The judge who then took over the case notified the parties of the opening of the trial period in May 1992. Helen Mack filed an appeal seeking to adduce evidence that the murder was a premeditated and planned action and asked the court to define the inquiry at trial to include the identity of those responsible for the conception and planning of the murder. After the appeal was denied, she launched a second appeal on the grounds that the presiding judge had improperly denied various evidentiary requests. This appeal was allowed, and another judge took over the case.

The prosecution's case included numerous sources who testified (or submitted written responses to questions from the court) that Myrna Mack's killing had all the earmarks of a political crime. Leonel Fernando Gomez Rebulla, the Director of Investigations for the Human Rights Ombudsman's Office,1 testified on August 26, 1992, to his office's preliminary conclusion that Mack's murder fit the profile of a political crime: "an extrajudicial death for political motives, possibly effectuated by the security forces of the state." 2  Lastly, he informed the court that since 1991, unidentified persons on foot and in vehicles without license plates had maintained a presence outside the Mack family home.

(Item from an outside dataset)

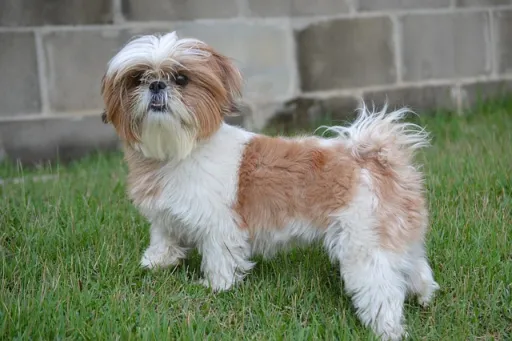 Quelle race de chien vois-tu sur la photo?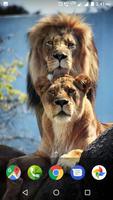 3 Schermata Lion Wallpaper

General Edgar Godoy Gaitan (ret.), the head of the EMP at the time of the murder, testified before the court on three separate occasions. Although the range of the prosecution's questioning was severely limited by the prosecuting judge, even General Godoy's description of the EMP's activities suggests a military intelligence apparatus rather than a security detail for the President. He acknowledged that the role of the EMP was to analyze the "factors of power" within Guatemala. Though he denied that analysis extended to issues surrounding displaced persons, refugees and repatriates that formed the basis for Myrna Mack’s anthropological work, witnesses from a governmental commission for refugee assistance told the court that EMP personnel maintained contact with their office to get information on matters affecting refugees and displaced persons.

In February 1993 the court convicted and sentenced Beteta to 25 years in prison. He became one of a tiny fraternity of Guatemalan security force personnel ever convicted for a human rights violation. Achieved in spite of violence and intimidation against many actors involved in the case, the conviction was a milestone in Helen Mack's extraordinary struggle to establish a lasting precedent against impunity. The case attracted international media attention, won an international award for Helen Mack, and was memorialized as an explicit U.S. foreign policy concern. next>>


1   Guatemala's Human Rights Ombudsman Ramiro de León Carpio at the time (later Guatemala's President) stated publicly that:the plight of Guatemala's refugees and displaced persons is a politically sensitive topic;
  • Myrna Mack's murder was a political crime surrounded by a wall of impunity;
  • the Ombudsman office's preliminary conclusion was that Myrna Mack's murder was a politically-motivated extra-judicial killing carried out by members of a government organization;
  • shortly before his death, José Mérida Escobar informed the Ombudsman's office that he had received threats as a result of his work on the Myrna Mack case;
  • Mérida Escobar's former partner in the investigation, Julio César Pérez Ixcajop, also sought the assistance of the Ombudsman's office because he had been threatened; and
  • Pérez Ixcajop told the Ombudsman's office that Mérida Escobar was killed by "members of the forces of the State."

2    Gomez added that Myrna Mack's injuries did not correspond to those normally inflicted by common criminals in the course of a robbery.